With pictures excluded, copy word for word the lines in the data below from the line containing "a white plate" through the line containing "Quartz Countertops, Stainless".
*** Opening EXTRACTED INFORMATION ***
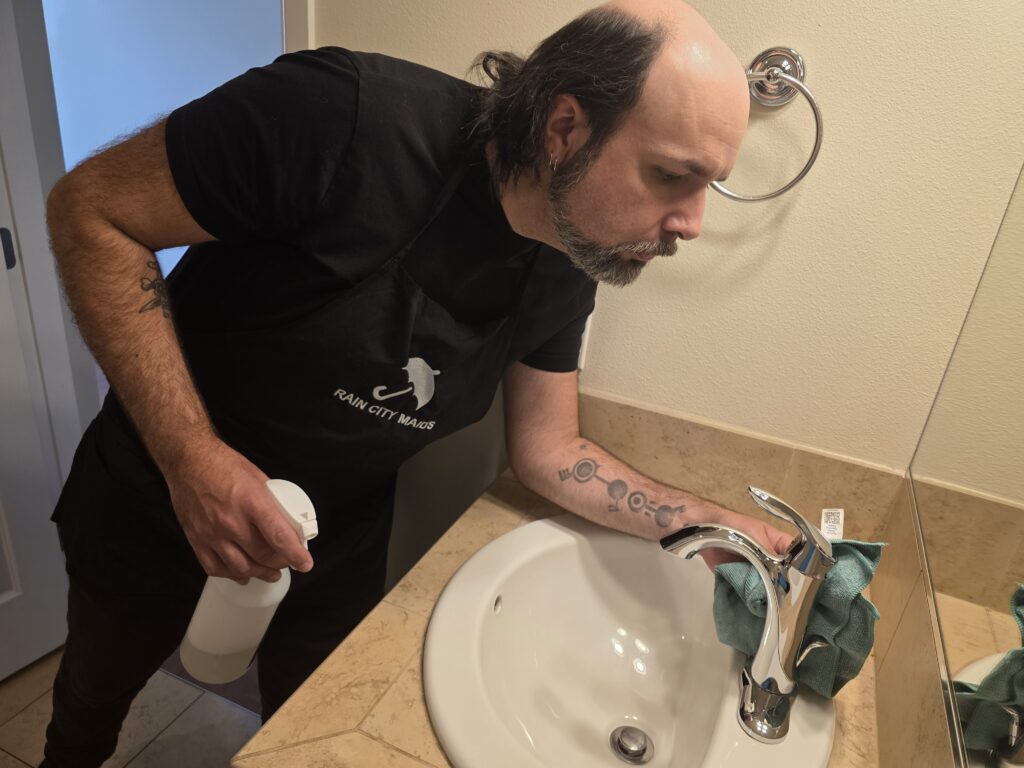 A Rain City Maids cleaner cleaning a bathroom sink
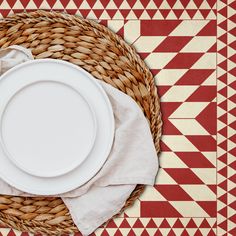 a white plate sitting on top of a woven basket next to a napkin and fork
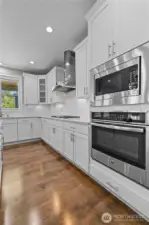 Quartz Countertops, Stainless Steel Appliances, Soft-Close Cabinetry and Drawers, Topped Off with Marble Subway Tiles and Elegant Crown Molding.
*** Closing EXTRACTED INFORMATION ***
*** Opening EXTRACTED INFORMATION ***
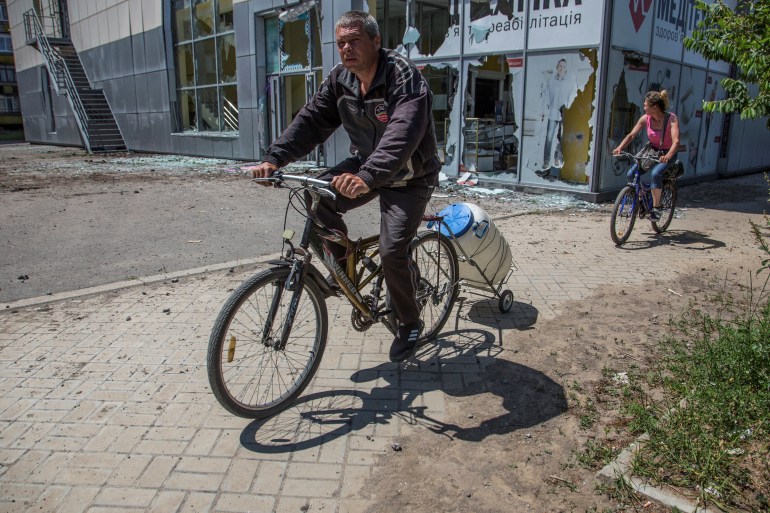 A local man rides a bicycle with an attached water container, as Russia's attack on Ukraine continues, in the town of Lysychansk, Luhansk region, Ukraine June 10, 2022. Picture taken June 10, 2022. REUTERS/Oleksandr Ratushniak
*** Closing EXTRACTED INFORMATION ***
REPLY
 a white plate sitting on top of a woven basket next to a napkin and fork
 Quartz Countertops, Stainless Steel Appliances, Soft-Close Cabinetry and Drawers, Topped Off with Marble Subway Tiles and Elegant Crown Molding.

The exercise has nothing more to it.